Since unmanaged resources are linked to managed objects by pointers, and these can be duplicated, it is possible for multiple managed objects to have references to the same region of unmanaged memory. In these cases, the total amount of unmanaged memory referenced by these objects is generally smaller than it may initially appear to be, though it is unlikely that freeing one instance of the managed class will be sufficient to allow the associated unmanaged memory to be released.

ANTS Memory Profiler 8 identifies those objects which share unmanaged memory with other instances of the same class by showing an icon in the instance list. You can click it to highlight other instances which share same unmanaged memory. This shared memory is only counted once per class in the class list.

In many cases, the unmanaged memory associated with these objects should be freed when the objects are no longer required, usually by calling their Dispose method. If there are instances of the class persisting longer than expected, this may be because there are references from other managed objects which are keeping them in memory, or because they are on the finalizer queue, as they were not appropriately disposed of. You can investigate this using the instance retention graph.

Using unmanaged components

Applications may also use unmanaged memory indirectly through their use of unmanaged components. Once unmanaged memory is allocated by unmanaged code (that your managed code may be calling via COM or P/Invoke) the size of the allocation can be recorded. But it's impossible to understand what the memory is in use for, or why it may remain in memory, without a deep understanding of the unmanaged component in question. There is no type associated with the block - this can be only be inferred on a compiler-specific basis if PDBs are available. ANTS Memory Profiler 8 does not perform this analysis, because even with this information it is difficult to determine how a particular block may be freed due to the lack of garbage collection, analogous to that in .NET.

Excluding the memory leaks due to bugs in the unmanaged code your managed code calls into, if the memory associated with particular modules is continually increasing, this is probably due to the way the interface to them is being used. ANTS Memory Profiler 8 records the amount of memory allocated by each unmanaged module and displays them on the summary screen.

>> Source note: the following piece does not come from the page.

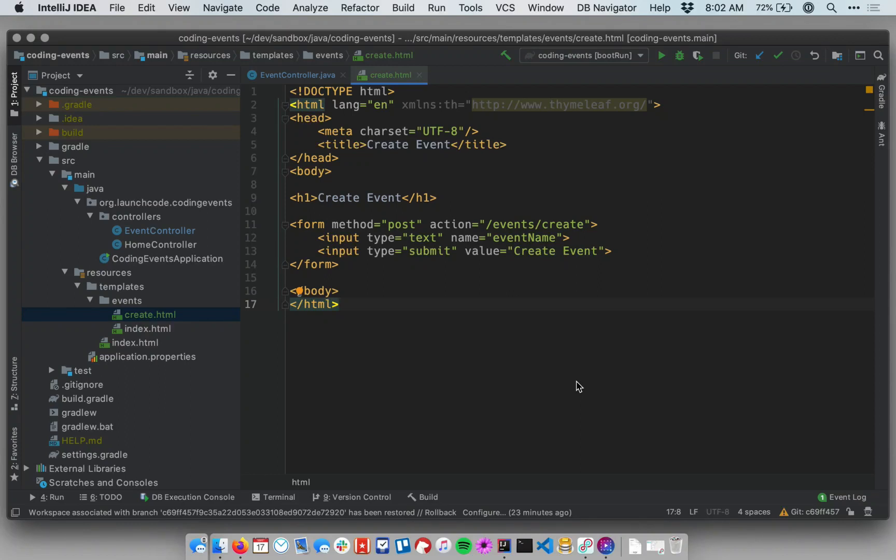Now that we have a form that allows users to type in the names of their own events, we can add a handler for that form that will keep track of the events submitted by the user and will render them in the list.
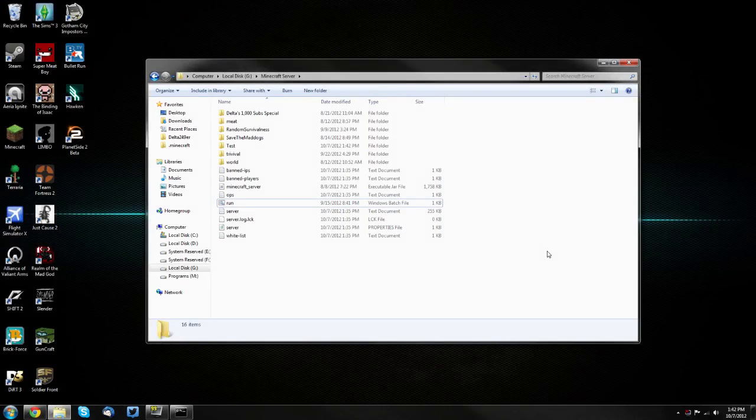Hello guys, it's DeltaTuber9A here with a tutorial on how to install a server-side texture pack for your own server.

If the unmanaged memory allocated by a particular module continually increases between snapshots, this may indicate that the API to the component is not being used correctly, e.g. a call to allocate a particular buffer is not matched with a corresponding to call to free it. This could be because objects are not being deterministically cleaned up by using the IDisposable pattern, or COM objects not being released when they ought to be.

Improving the way unmanaged memory is used

So how does the additional functionality in ANTS Memory Profiler help you to improve the memory usage of your managed .NET application?

First, it helps you to understand the large chunk of address space which was previously shown in the summary chart as unmanaged. It used to be unclear whether this was memory being used by the CLR or the unmanaged code. Perhaps you had loaded lots of assemblies into your process, or maybe the unmanaged code remained inside the process because your code wasn't driving the API in the correct manner. The breakdown of memory by owning module seen in ANTS helps to clarify these situations.

Second, it makes it clear that some objects that look small on the managed heap are in fact responsible for much larger chunks of the address space of the process. The unmanaged size in the instance list helps you to identify these objects.

It would be phenomenally complicated to generate an unmanaged memory graph that fits elegantly and intelligibly into the standard ANTS memory graphs. But it's unclear if this would really be useful - after all you probably don't understand unmanaged components to the same degree that you understand your .NET code. What we hope is that the information will tell you when you need to worry about unmanaged memory and when concentrating on the managed object graph will be the best course of action.